Latent-X: An Atom-level Frontier Model for De Novo Protein Binder Design
Latent Labs Team: Alex Bridgland, Jonathan Crabb\'e, Henry Kenlay, Daniella Pretorius, Sebastian M. Schmon, Agrin Hilmkil, Rebecca Bartke-Croughan, Robin Rombach, Michael Flashman, Tomas Matteson, Simon Mathis, Alexander W. R. Nelson, David Yuan, Annette Obika, Simon A. A. Kohl

TL;DR
Latent-X is a novel all-atom protein design model that efficiently generates high-affinity, specific protein binders directly from target epitopes, significantly advancing de novo biologics discovery.
Contribution
It introduces Latent-X, a pioneering atom-level model that jointly generates protein structures and sequences for target binding, outperforming existing methods in speed and efficacy.
Findings
Achieves over 90% hit rate for macrocyclic peptides.
Produces potent binders with low nanomolar affinities.

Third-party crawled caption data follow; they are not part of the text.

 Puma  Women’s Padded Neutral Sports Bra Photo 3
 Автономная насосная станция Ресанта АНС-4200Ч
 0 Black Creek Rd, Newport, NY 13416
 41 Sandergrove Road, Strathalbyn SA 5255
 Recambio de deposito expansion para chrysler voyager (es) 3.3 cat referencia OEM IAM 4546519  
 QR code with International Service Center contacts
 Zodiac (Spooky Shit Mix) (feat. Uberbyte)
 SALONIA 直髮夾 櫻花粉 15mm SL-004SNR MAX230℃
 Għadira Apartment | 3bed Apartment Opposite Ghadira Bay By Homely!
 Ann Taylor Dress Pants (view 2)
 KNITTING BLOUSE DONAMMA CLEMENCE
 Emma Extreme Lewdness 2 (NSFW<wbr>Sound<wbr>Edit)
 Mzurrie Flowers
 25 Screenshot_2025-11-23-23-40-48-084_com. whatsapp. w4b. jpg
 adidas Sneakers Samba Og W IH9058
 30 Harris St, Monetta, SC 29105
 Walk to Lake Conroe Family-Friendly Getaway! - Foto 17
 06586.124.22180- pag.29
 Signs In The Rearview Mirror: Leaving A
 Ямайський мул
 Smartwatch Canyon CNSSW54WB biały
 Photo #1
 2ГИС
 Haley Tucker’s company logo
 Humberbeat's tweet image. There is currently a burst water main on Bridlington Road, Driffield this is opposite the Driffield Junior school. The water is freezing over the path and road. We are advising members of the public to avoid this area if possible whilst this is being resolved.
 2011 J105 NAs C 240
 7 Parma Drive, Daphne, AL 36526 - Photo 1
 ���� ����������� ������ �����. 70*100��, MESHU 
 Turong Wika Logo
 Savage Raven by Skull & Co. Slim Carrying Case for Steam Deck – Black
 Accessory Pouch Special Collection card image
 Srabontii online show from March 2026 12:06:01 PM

Generates structurally diverse binders, including complex folds.
Abstract
Traditional drug discovery relies on rounds of screening millions of candidate molecules with low success rates, making drug discovery time and resource intensive. To overcome this screening bottleneck, we introduce Latent-X, an all-atom protein design model that enables a new paradigm of precision AI design. Given a target protein epitope, Latent-X jointly generates the all atom structure and sequence of the protein binder and target, directly modelling the non-covalent interactions essential for specific binding. We demonstrate its efficacy across two therapeutically relevant modalities through extensive wet lab experiments, testing as few as 30-100 designs per target. For macrocyclic peptides, Latent-X achieves experimental hit rates exceeding 90% on all evaluated benchmark targets. For mini-binders, it consistently produces potent candidates against all evaluated benchmark targets,…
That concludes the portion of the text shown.